■ What to do
Retype the data exactly, from its first line to the line containing "So what to do", including both, and skip any picture.

■ Supplied material

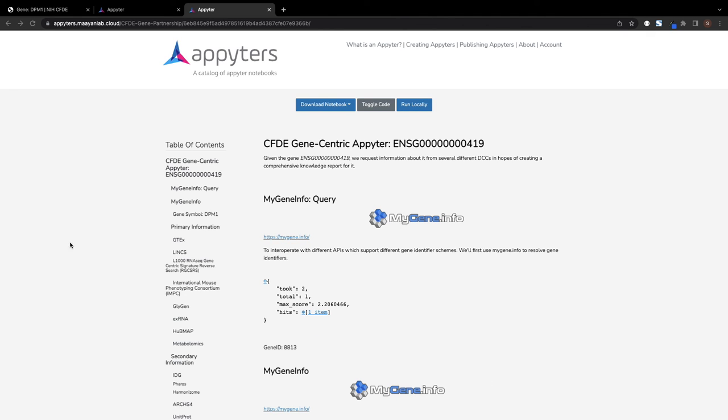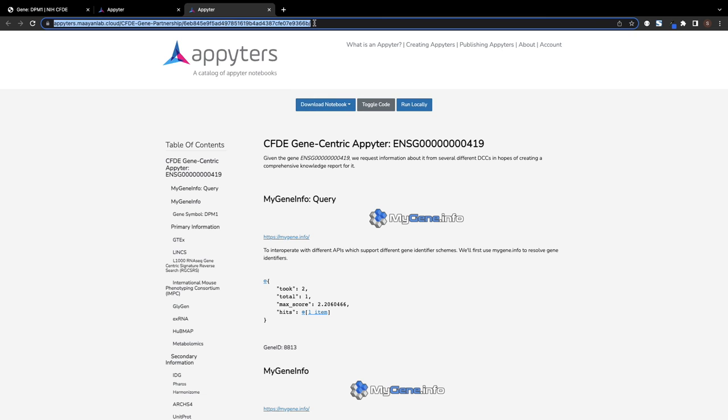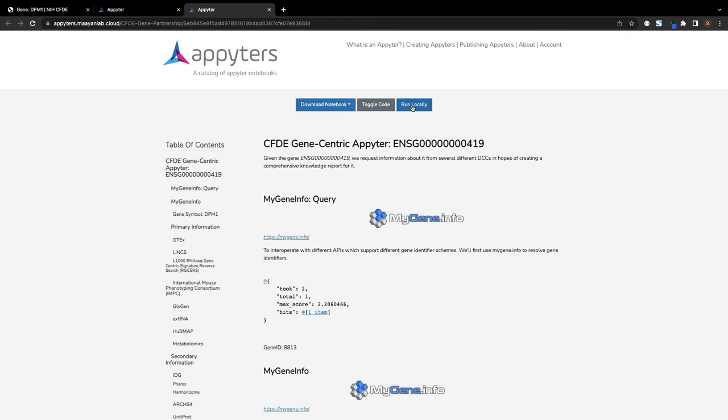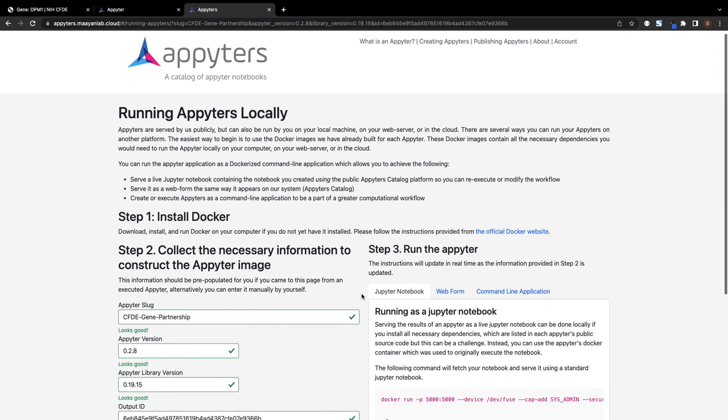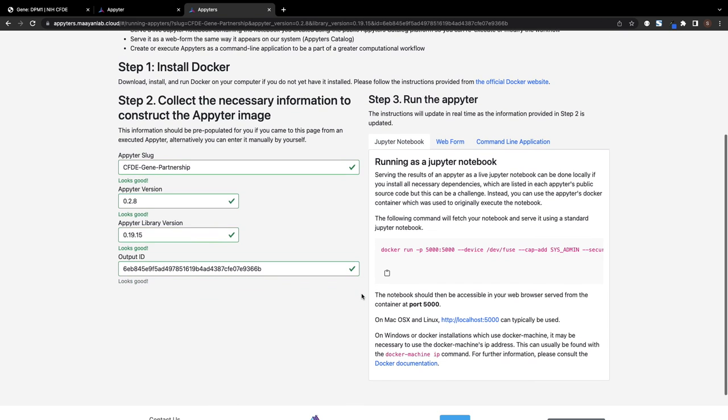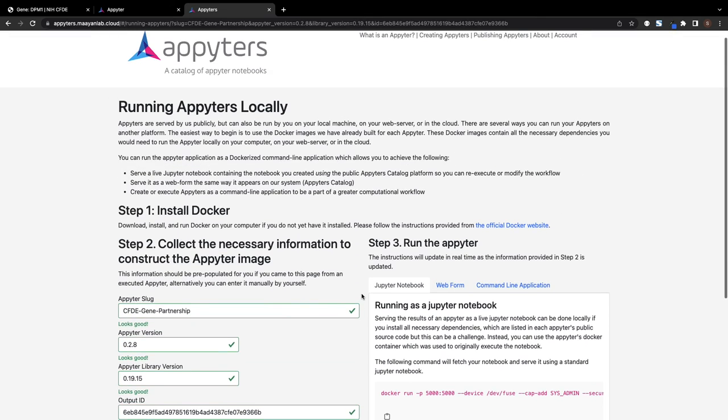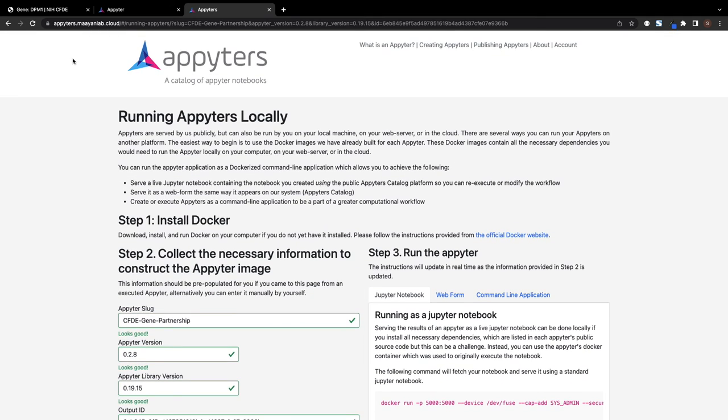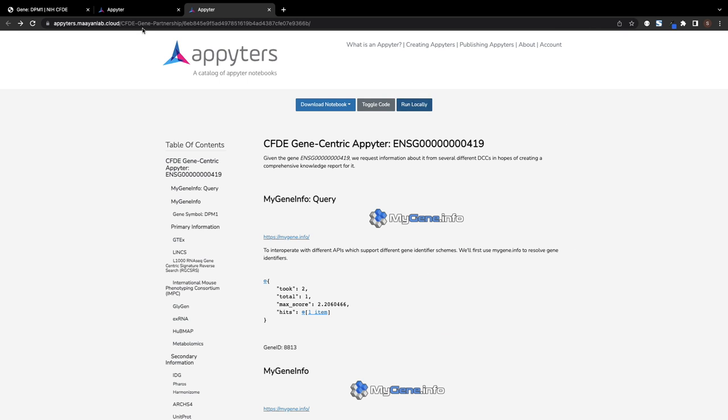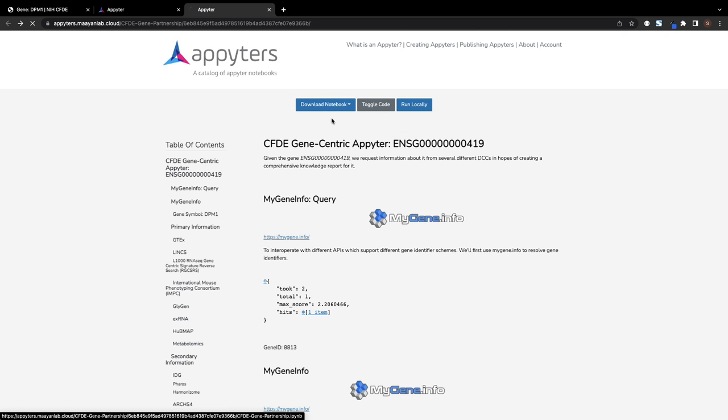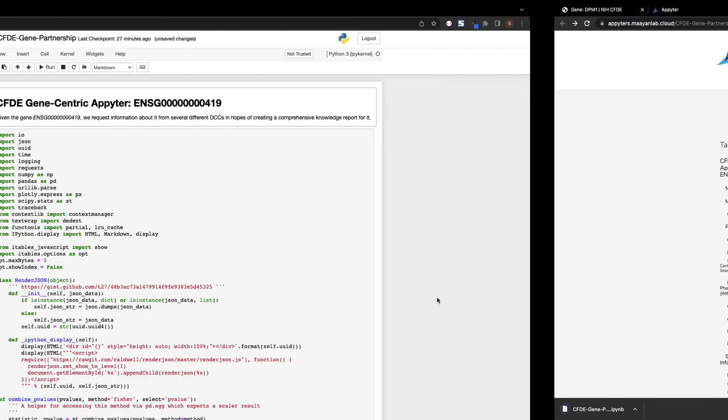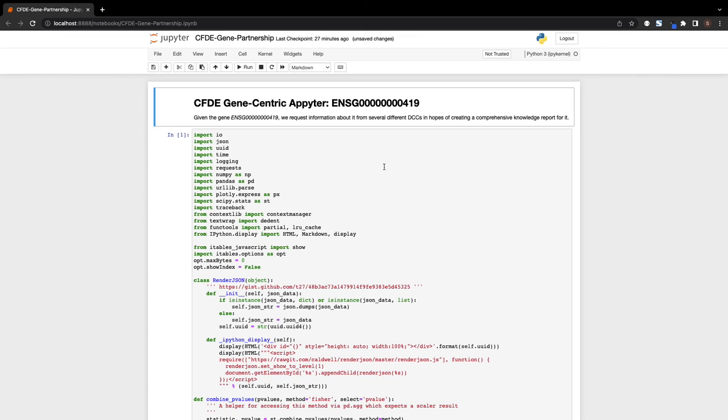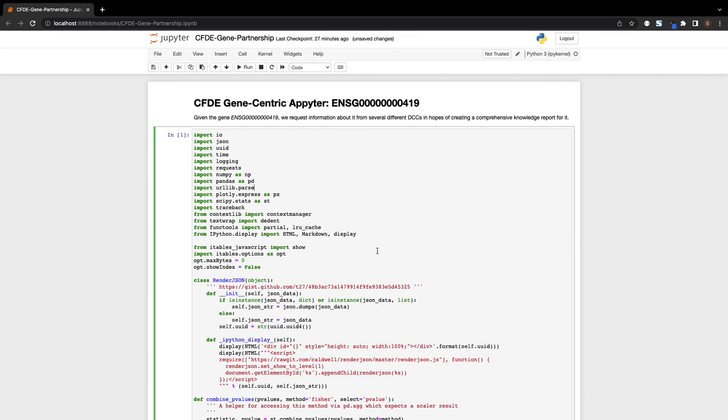The entire Appyter, including all outputs, can be shared via a unique URL. The Appyter can also run locally using a Docker container or be downloaded as a standalone Jupyter notebook to be shared, re-executed, or modified. Users can thus customize the notebook to add or remove any gene-centric sources.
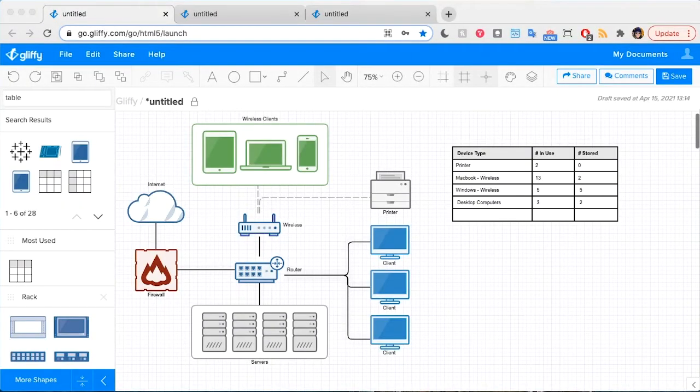Adding a table to your Gliffy diagram is a helpful way to provide extra details or reference information for the diagram's users or viewers.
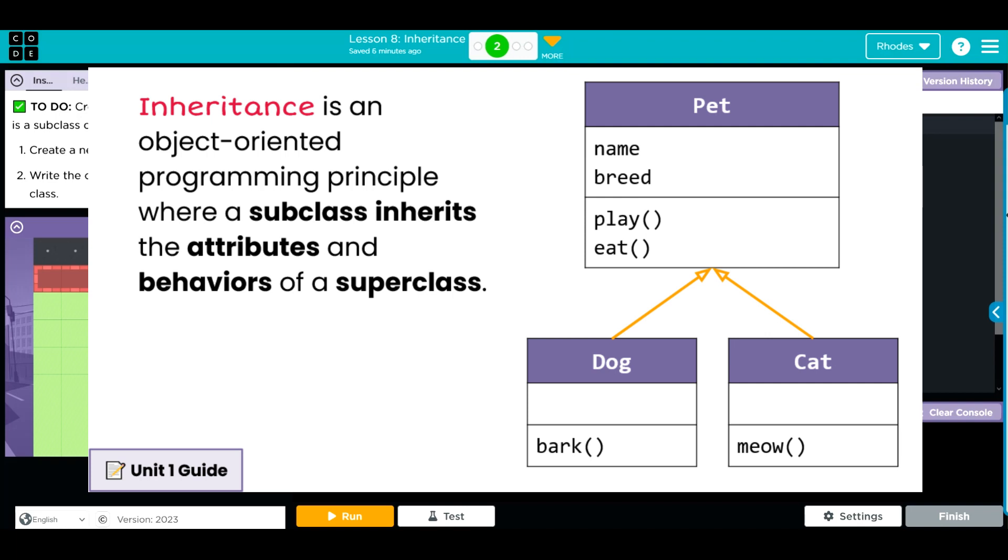It's letting us get the attributes and behaviors from a parent class and then add our own custom components to it. That's all it really is.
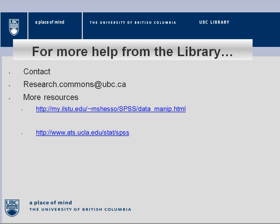For more information, please contact researchcommons at ubc.ca or use these links. Thank you.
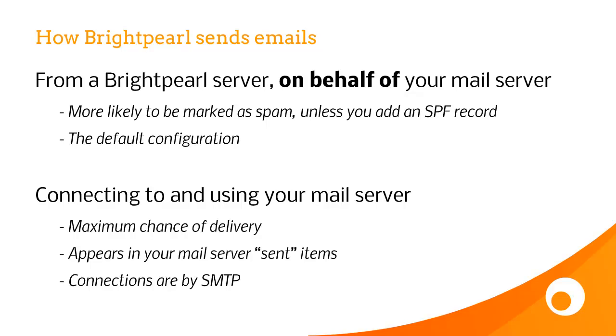The second option is how to set Brightpearl up to connect to your mail server and actually use your mail server to send the email. This gives it maximum chance of delivery, it also appears in your mail server sent items, and we connect to your server by what's called SMTP.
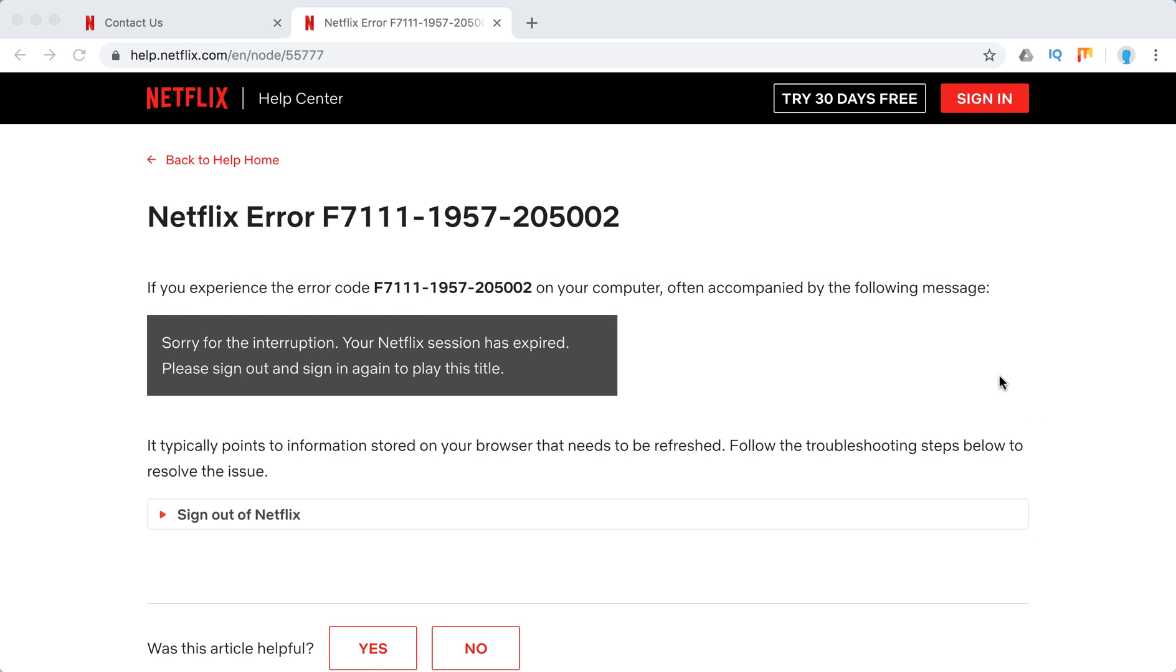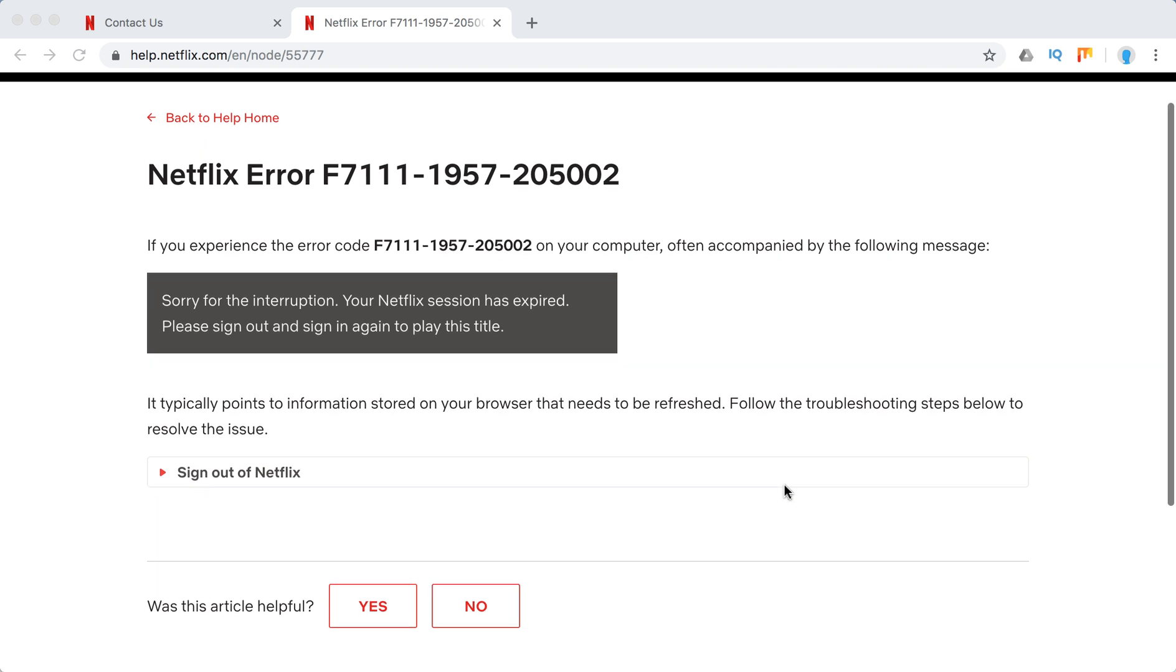So what to do if you see this error F7111-1957-205002? It says sorry for the interruption, your Netflix session has expired, please sign out and sign in again to play this title.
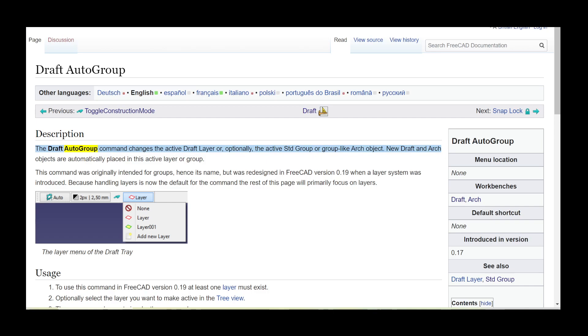The draft auto group command changes the active draft layer or, optionally, the active standard group or group-like arch object.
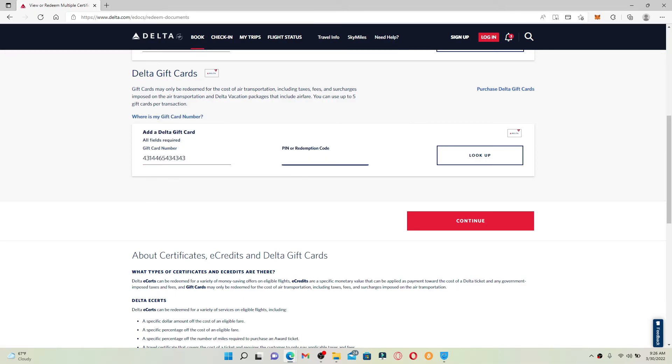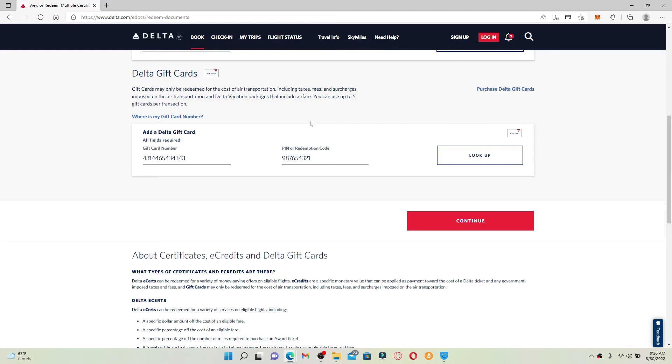Enter your PIN code or redemption code in the next list. Your PIN code or redemption code will be nine digits long. Finally, after you're done typing in your information, click on Lookup.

■ Solution to the problem
The entire Appyter, including all outputs, can be shared via a unique URL. The Appyter can also run locally using a Docker container or be downloaded as a standalone Jupyter notebook to be shared, re-executed, or modified. Users can thus customize the notebook to add or remove any gene-centric sources.
Adding a table to your Gliffy diagram is a helpful way to provide extra details or reference information for the diagram's users or viewers.
It's letting us get the attributes and behaviors from a parent class and then add our own custom components to it. That's all it really is.
For more information, please contact researchcommons at ubc.ca or use these links. Thank you.
The second option is how to set Brightpearl up to connect to your mail server and actually use your mail server to send the email. This gives it maximum chance of delivery, it also appears in your mail server sent items, and we connect to your server by what's called SMTP.
So what to do if you see this error F7111-1957-205002? It says sorry for the interruption, your Netflix session has expired, please sign out and sign in again to play this title.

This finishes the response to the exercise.